→ **Task objective**
Take the line containing "Knitted placemat pattern" and every line after it to the end of the records, and copy them exactly, excluding pictures.

Entries shown section start

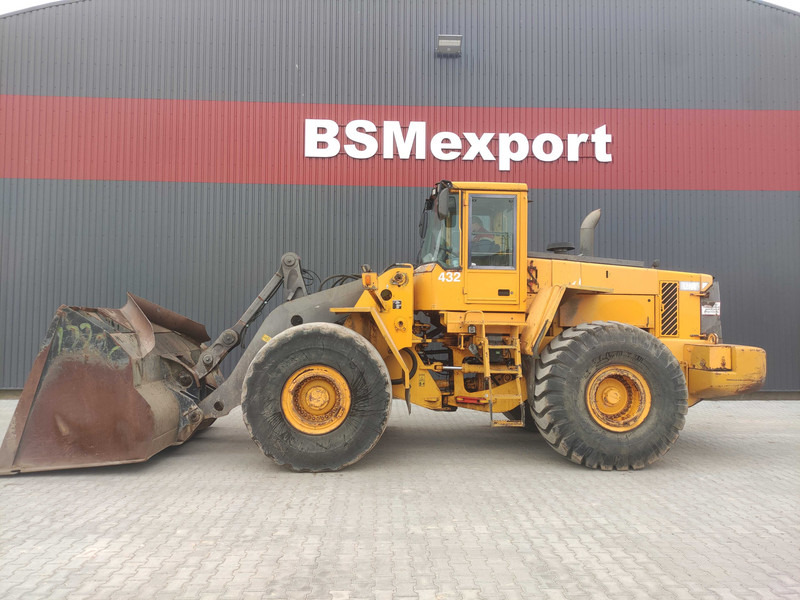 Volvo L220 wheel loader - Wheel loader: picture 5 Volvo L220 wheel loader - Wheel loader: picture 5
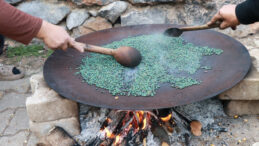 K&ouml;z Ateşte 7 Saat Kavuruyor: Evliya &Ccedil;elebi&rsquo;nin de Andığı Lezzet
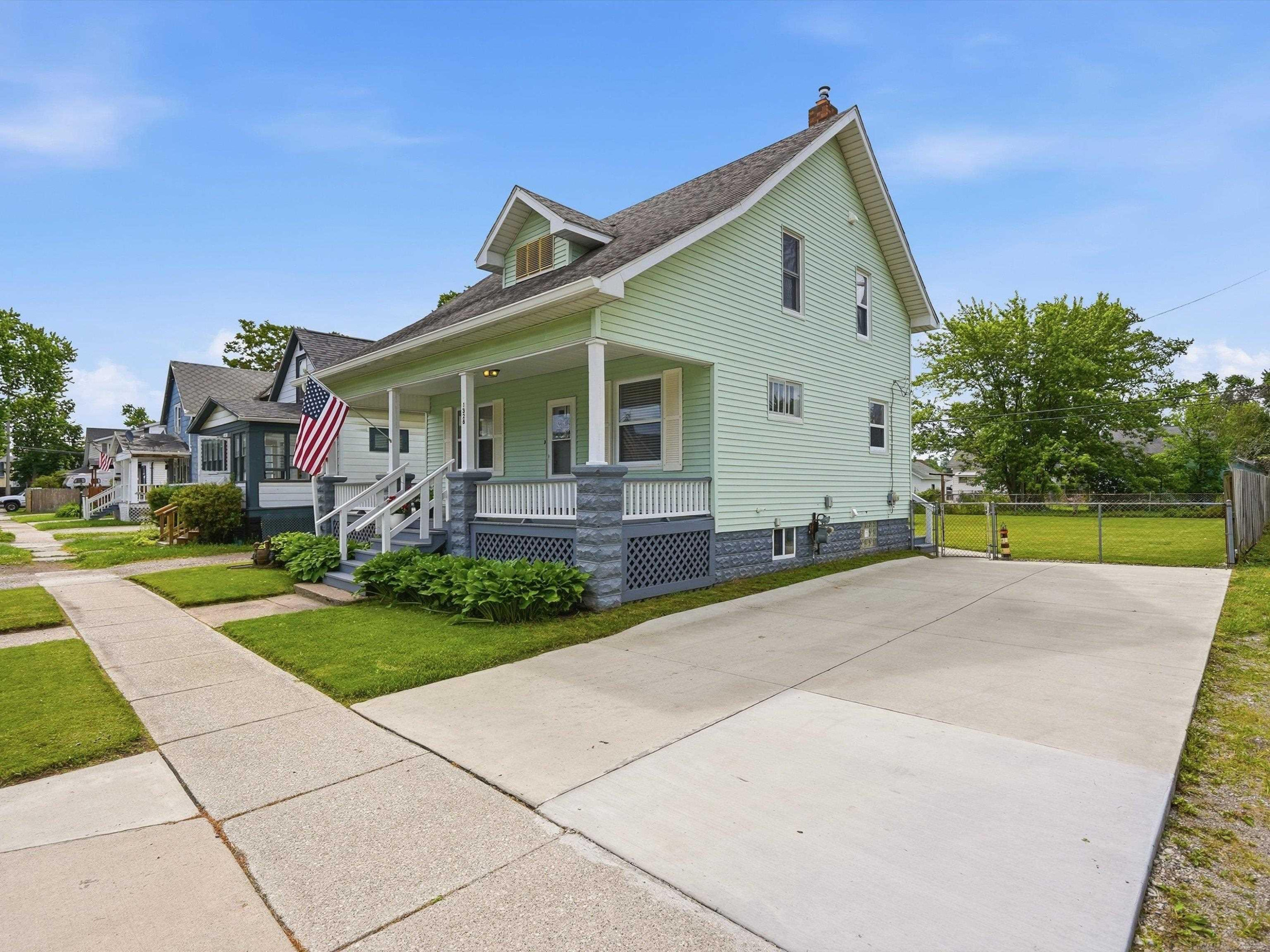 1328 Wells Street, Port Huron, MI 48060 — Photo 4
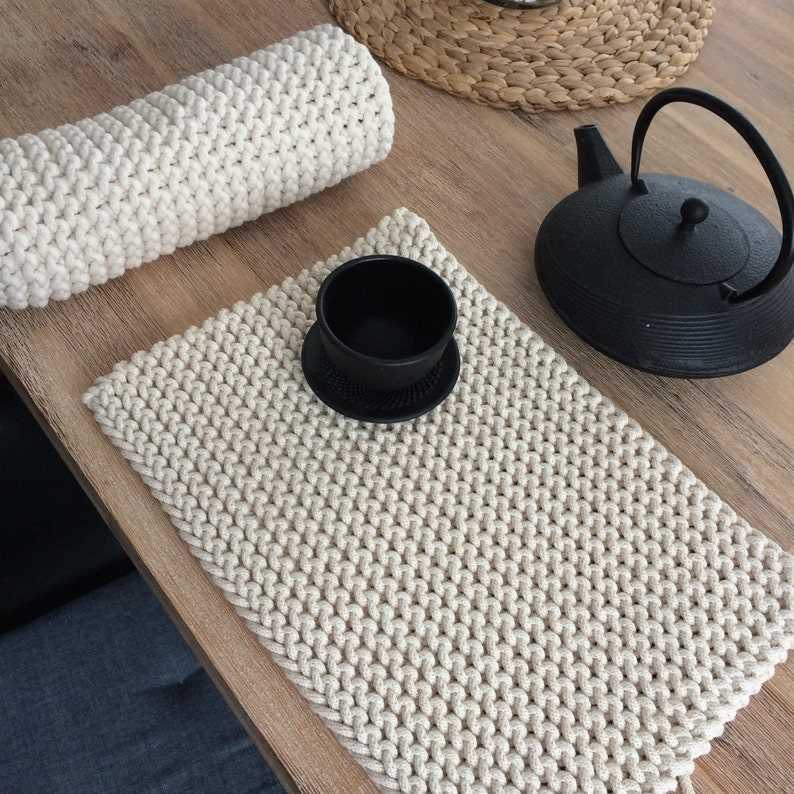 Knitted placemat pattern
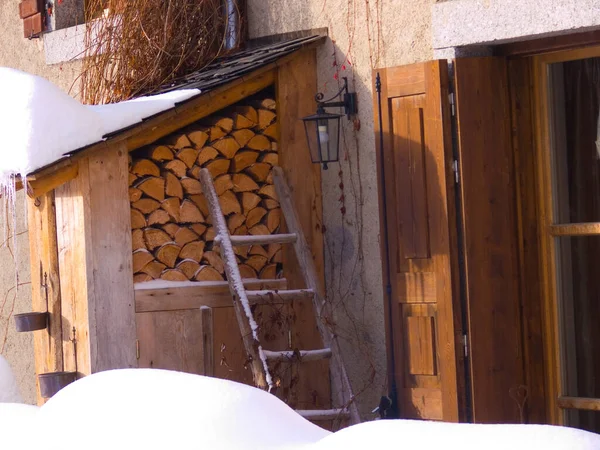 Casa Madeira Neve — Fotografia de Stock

Entries shown section end

→ **Reply**
 Knitted placemat pattern
 Casa Madeira Neve — Fotografia de Stock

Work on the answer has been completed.